Collecter à profusion une collection de certificats de vie.
Avoir vu / être vu, et rendre cet emprunt dans le cadre d’un espace couloir déambulatoire.

Traverser une tranche de vie ancrée dans l’excès de chair, de peau, et la perte de poids.
Au sol, marcher sur des œufs… ou se déchausser sur des images!
Rêverie de la matière, voir par les pieds, traversé par sa pesanteur dans ce contact inévitable, antithèse de la tête!
Sensibilité de la matière, exprimée dans le choix des papiers photographiques (le Kentmere et sa sensualité de chamois) ou dans les modes de présentation des images (le dépelliculage polaroïd et la crudité du transfert sur la peau).
Et sur les murs, les traces, les résidus d’une jeunesse en abîme dans la recherche de soi au travers de son corps parfois mutilé ou du corps des autres quelque fois idéalisé.
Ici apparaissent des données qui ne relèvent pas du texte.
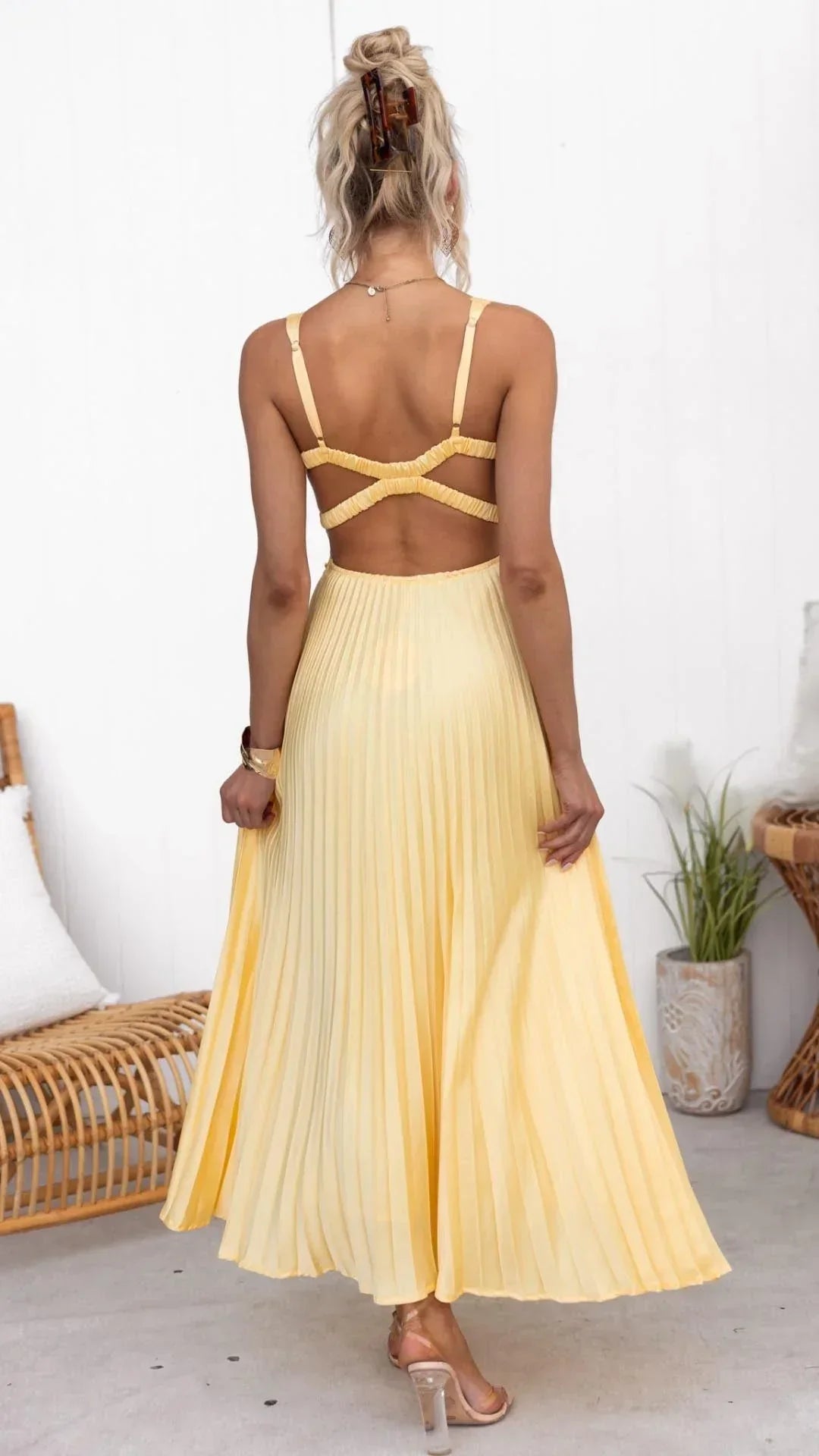 Elegante gele plissé maxi-jurk met V-hals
Être prêt, être près, très près, dans le parfum de leurs cheveux, de leurs bouches, quelques fois de leurs yeux, de leurs objets, d’une chaise vide ou d’un peu de rien.
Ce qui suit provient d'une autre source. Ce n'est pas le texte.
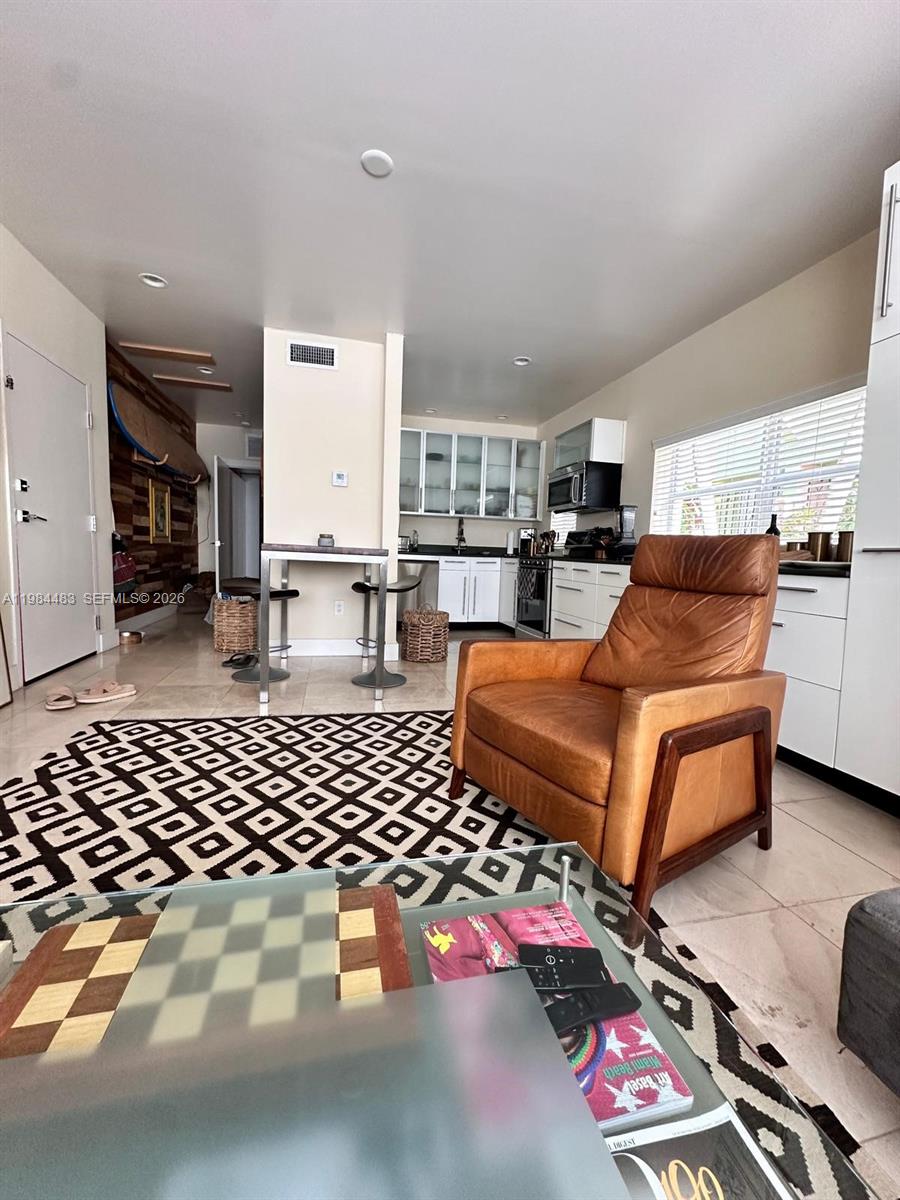 929 On Michigan Condo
Être dans la lumière, celle qui dessine délicatement le contour de Lola ou celle qui luit et éblouit jusqu’à l’émoi, être dans la profondeur du noir et dans le jaillissement de la couleur.
Embrasser par la photographie des jeunes, hommes et femmes, qui s’embrassent, qui s’enlacent, qui s’endorment et se réveillent, l’expression du désir d’un monde ténu, à distance.
Règlement de compte et mise au point, convier les personnages à se revoir.
Un mot d’amour (« je vous aime » 1998), une lettre à la mer, une bouteille de lumière, des écrits récurrents, des cartes postales envoyées de là-bas pour ceux d’ici, des gens qui voyagent dans leur tête ou dans leur corps, à ceux qui ne cernent pas pourquoi ce besoin, cette inquiétude d’être ici avec vous, ce « comment être » qu’on enseigne nulle part, qui s’expérimente parfois dans la douleur et qui souvent n’a plus d’existence dans ce monde de la communication vide et creuse.
Alors on crie, on en remet, plus et trop, on ne sait pas choisir, on ne veut pas choisir. Et régulièrement des perles, enfouies dans ce déferlement, tantôt des images seules, tantôt des séries entières.
On met et remet tout, jusqu’au débordement, que ça devient gros, un ventre gros et rond et puis d’un coup plus rien.
La première image que m’a montrée benjam ce mercredi après-midi, c’est celle de sa cousine avec son compagnon, dans sa maternité, ce passage obligé, cette délivrance (r)assurée.
Par ce refus de choisir, de sélectionner, de construire un travail photographique au profit de cette autobiographie obsessionnelle, humaine et attentionnée, benjam s’est élancé.